● Task prompt
What you return should match the data word for word, minus the images.

● Dataset extract
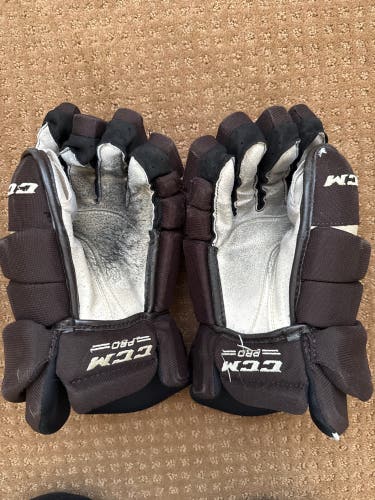 Pro Stock Hershey Bears CCM HGTK Gloves 14" (Used)
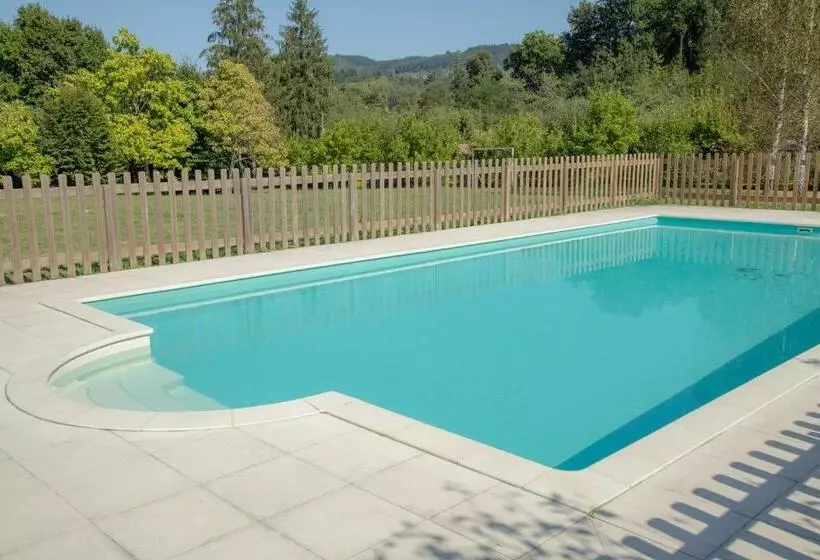 Amalurra Ecohotel & Retreat Center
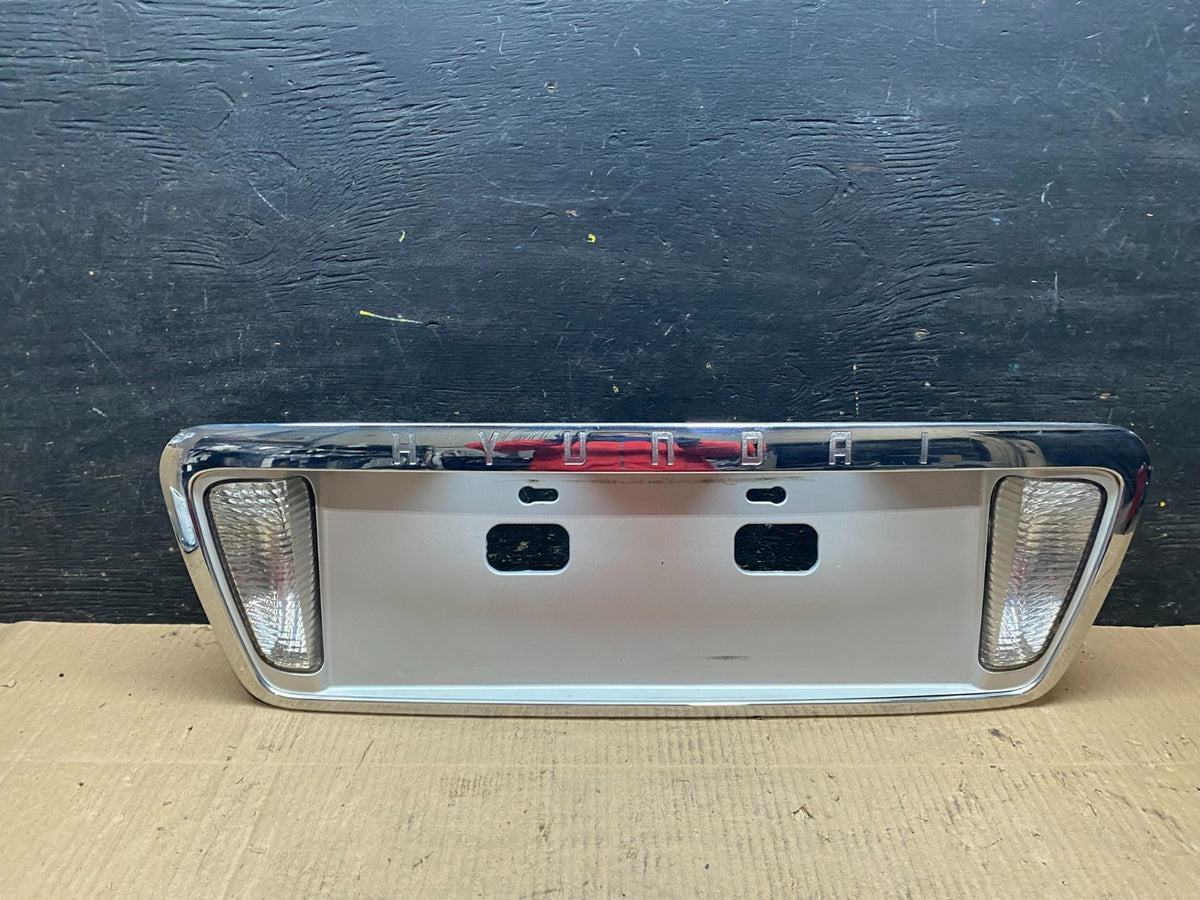 2003 - 2005 Hyundai XG Trunk Lid Trim License Panel W Reverse Light u6384 DG0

● Solution to this exercise
 Pro Stock Hershey Bears CCM HGTK Gloves 14" (Used)
 Amalurra Ecohotel & Retreat Center
 2003 - 2005 Hyundai XG Trunk Lid Trim License Panel W Reverse Light u6384 DG0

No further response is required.